Struggling Diversity and Insufficient Production: The Challenges Preventing China from Ditching Nvidia Hardware for AI Advancements
=================================================================
China's pursuit of AI self-reliance is gaining momentum, despite the challenges posed by U.S. sales restrictions on advanced GPUs like Nvidia's HGX H20 and AMD's Instinct MI308.
The Chinese government's push for self-sufficiency in its semiconductor industry, including AI accelerators, has been ongoing since the mid-2010s. Notable advancements include the development of the CloudMatrix 384, a rack-scale AI supercomputer by Huawei, and the creation of several domestic AI accelerators in 2025.

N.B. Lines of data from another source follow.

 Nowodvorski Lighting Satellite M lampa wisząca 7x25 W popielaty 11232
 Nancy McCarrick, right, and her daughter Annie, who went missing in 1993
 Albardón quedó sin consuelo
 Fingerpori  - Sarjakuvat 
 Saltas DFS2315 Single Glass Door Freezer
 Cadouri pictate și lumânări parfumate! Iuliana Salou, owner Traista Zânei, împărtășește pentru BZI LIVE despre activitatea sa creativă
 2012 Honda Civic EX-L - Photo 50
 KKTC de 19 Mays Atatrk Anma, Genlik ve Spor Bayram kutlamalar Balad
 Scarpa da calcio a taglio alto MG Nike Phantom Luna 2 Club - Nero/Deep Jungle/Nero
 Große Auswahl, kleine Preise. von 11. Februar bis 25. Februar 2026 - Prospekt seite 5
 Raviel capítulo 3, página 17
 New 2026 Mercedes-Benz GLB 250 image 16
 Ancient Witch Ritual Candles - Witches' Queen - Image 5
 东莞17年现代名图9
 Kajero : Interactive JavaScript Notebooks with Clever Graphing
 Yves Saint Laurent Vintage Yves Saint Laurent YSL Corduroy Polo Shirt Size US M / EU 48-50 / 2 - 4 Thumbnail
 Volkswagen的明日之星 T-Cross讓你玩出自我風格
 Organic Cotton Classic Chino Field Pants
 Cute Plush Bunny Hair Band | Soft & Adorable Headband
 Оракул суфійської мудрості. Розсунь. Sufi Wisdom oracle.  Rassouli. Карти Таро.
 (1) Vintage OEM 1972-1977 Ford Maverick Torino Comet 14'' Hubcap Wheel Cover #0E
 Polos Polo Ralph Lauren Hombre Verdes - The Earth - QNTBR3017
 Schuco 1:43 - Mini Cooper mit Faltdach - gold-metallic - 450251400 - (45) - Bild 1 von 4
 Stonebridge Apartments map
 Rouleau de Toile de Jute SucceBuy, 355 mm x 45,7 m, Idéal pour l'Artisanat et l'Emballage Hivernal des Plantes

However, China's domestic AI hardware is still years behind that of AMD and Nvidia. Despite significant progress, with chips reaching up to 85% of Nvidia H20's performance, there is a growing expectation that new models will close the gap by 2026-27.
The maturity of China's domestic AI software stack, however, lags significantly behind Nvidia's CUDA ecosystem. The CUDA platform, a dominant factor in AI development globally, offers a highly optimized and widely adopted environment for AI model training and inference, with strong multi-GPU scaling through NVLink interconnects. Chinese domestic software toolkits, such as Huawei's Compute Architecture for Neural Networks (CANN), struggle with performance instability, limited interoperability, and weaker chip-to-chip communication.
This dependency on Nvidia's ecosystem is a significant bottleneck for China's full independence in AI development. Despite efforts by domestic firms to focus on compatible compute standards and cohesive software-hardware stacks, reaching parity with CUDA's mature ecosystem remains a critical challenge.
The situation is further complicated by the inability of Chinese manufacturers like SMIC to match TSMC's process technologies. Huawei had to obtain the vast majority of silicon for its Ascend 910B and Ascend 910C processors by deceiving TSMC.
Huawei is attempting to address this issue by opening up CANN, aiming to attract a broad community of developers to its platform for performance tuning and framework integration. The open-sourcing of CANN includes compilers, low-level APIs, libraries of AI operators, and a system-level runtime.
In an effort to build a fully localized AI stack in China, the Model-Chip Ecosystem Innovation Alliance was formed. This alliance aims to set common mid-level standards, such as shared model formats, operator definitions, and framework APIs, to address the issue of interoperability.
The U.S. has also imposed a 15% sales tax on AMD and Nvidia hardware sold to China, further escalating the situation.
In summary, while China is making significant strides towards AI self-reliance, the immaturity of its domestic AI software stack compared to CUDA remains a critical impediment to full independence in AI development.